_Information_
......

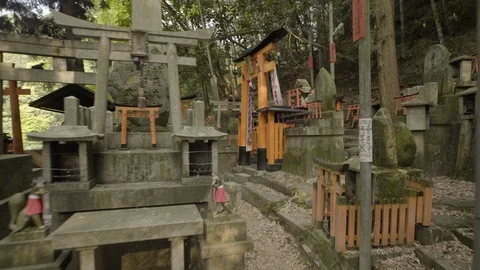 Torri gate of shrines Stock Footage 94504552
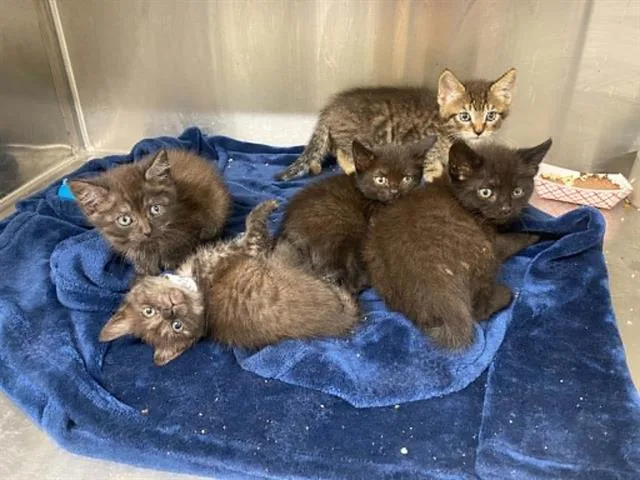A baby small-sized female Domestic Short Hair cat named Squeaky for adoption in Tustin, CA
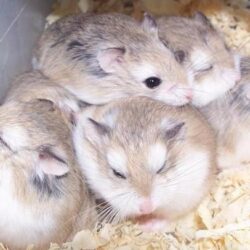 Mua bán chuột Hamster giá rẻ toàn quốc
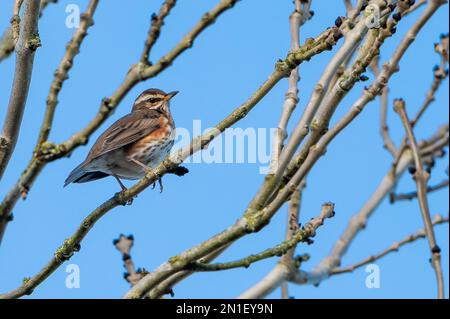 Chipping, Preston, Lancashire, Großbritannien, Ein Zeichen des Winters. Ein Rotflügel, UKÕs die kleinste Drossel, die im Winter meist anzutreffen ist, hoch oben in einem Baum, Chipping, Preston, Lancashire, UK Kredit: John Eveson/Alamy Live News Stockfoto
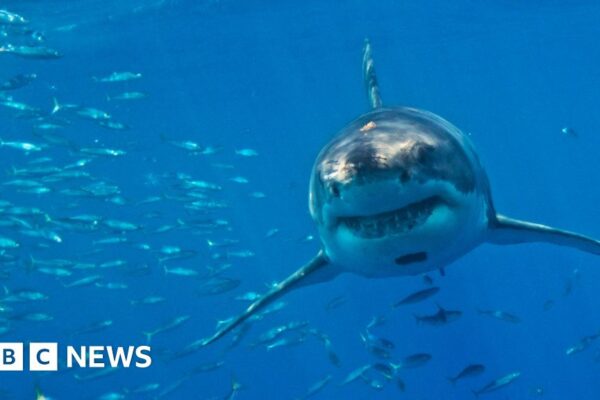 Великі білі акули в Середземному морі загрожують зникненню, кажуть дослідники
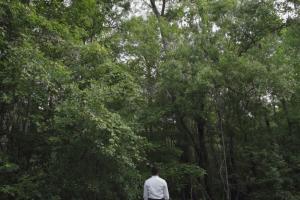 man faces forrest wall in the south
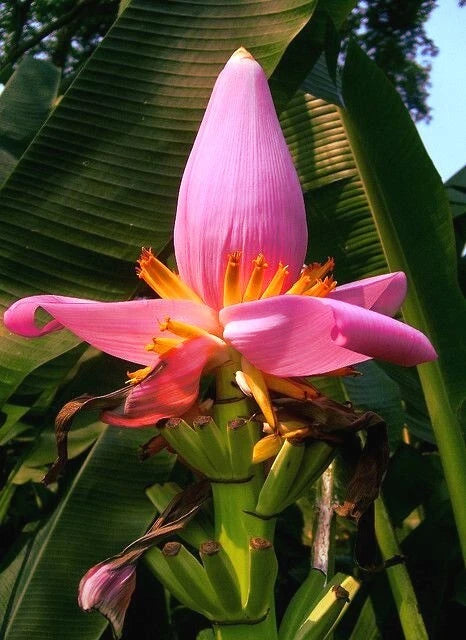 Pink banana flower with green leaves in the background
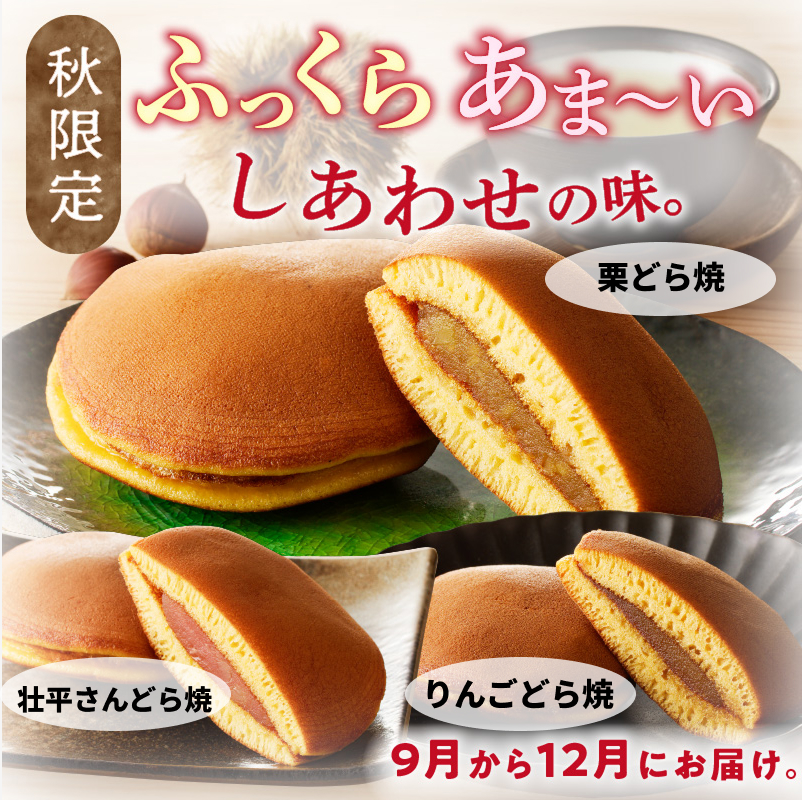 どら焼き　季節のセット ［009B14］ 和菓子 スイーツ デザート お取り寄せ 春セット 夏セット 秋セット 桜葉 レモンピール 栗きんとん りんご蜜漬 名古屋コーチン卵 備中白小豆_イメージ4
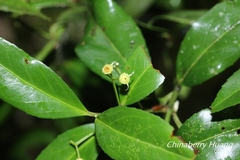 Euonymus spraguei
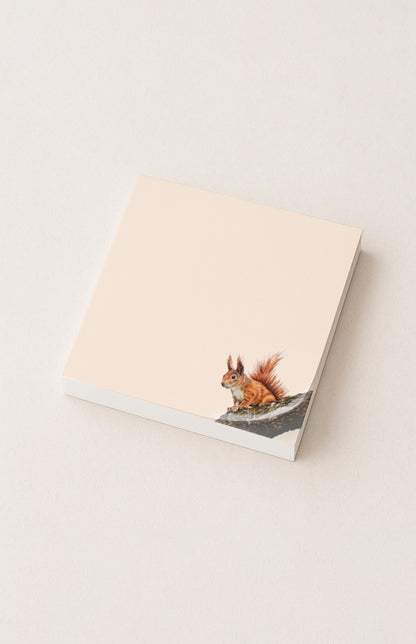 Notizzettel Eichhörnchen 100 Blatt
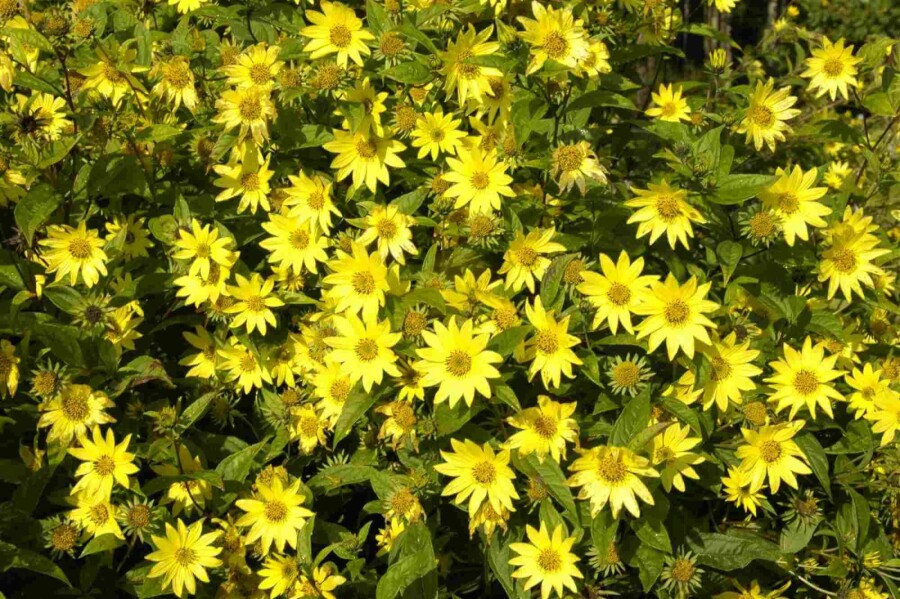 Sonnenblume Helianthus atrorubens 5-10 Topf P9 Helianthus atrorubens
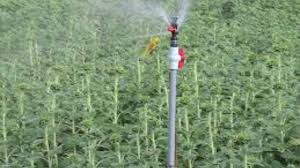 National Mission on Micro Irrigation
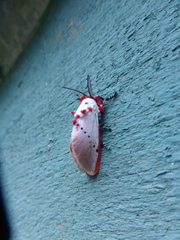 Trosia nigropunctigera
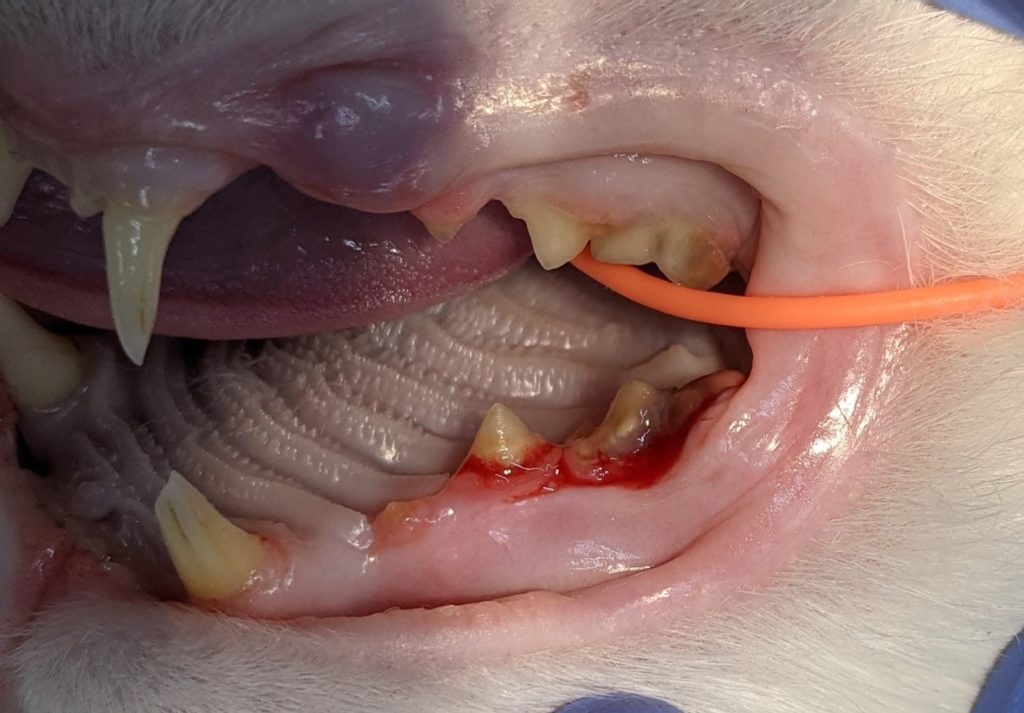 Teeth with tartar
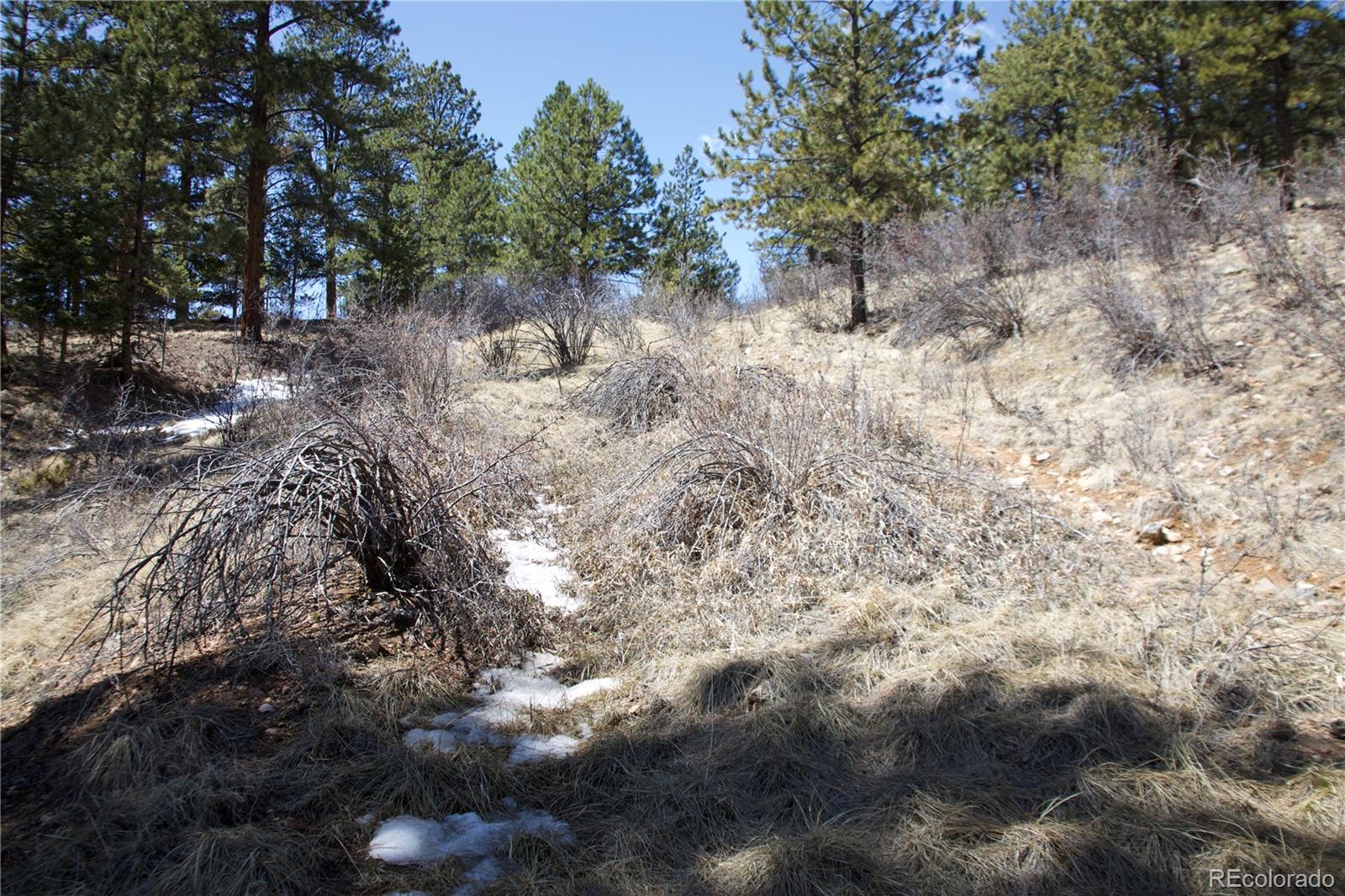 33378 Jenifer Road Pine, CO 80470 - Photo 5 of 20 Gallery Image 5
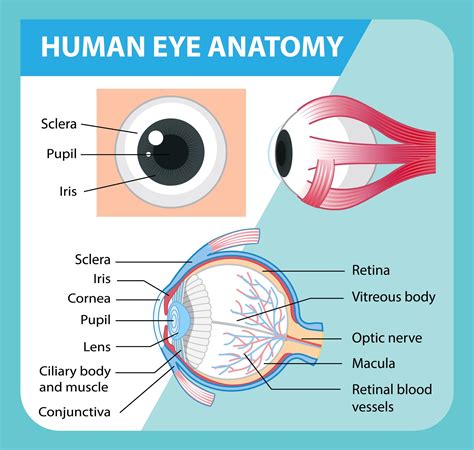 Anatomy Eye Chart Eye Anatomy Human Eye Diagram Eye Anatomy Diagram ...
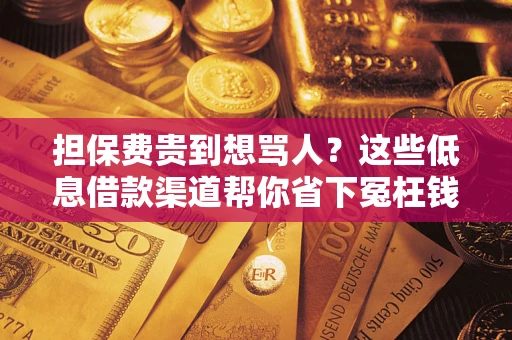 武汉担保费贵到想骂人？这些低息借款渠道帮你省下冤枉钱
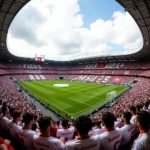 Beşiktaş Fans in White Budweiser T-shirts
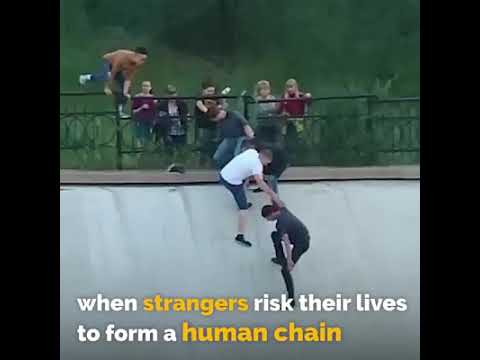 Giving there life for dog which is in danger ..........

......

_Assigned task_
What belongs in the answer is each line above from the line with "National Mission on Micro Irrigation" to the line with "武汉担保费贵到想骂人？这些低息借款渠道帮你省下冤枉钱", inclusive, reproduced exactly and free of pictures.

_Exercise output_
 National Mission on Micro Irrigation
 Trosia nigropunctigera
 Teeth with tartar
 33378 Jenifer Road Pine, CO 80470 - Photo 5 of 20 Gallery Image 5
 Anatomy Eye Chart Eye Anatomy Human Eye Diagram Eye Anatomy Diagram ...
 武汉担保费贵到想骂人？这些低息借款渠道帮你省下冤枉钱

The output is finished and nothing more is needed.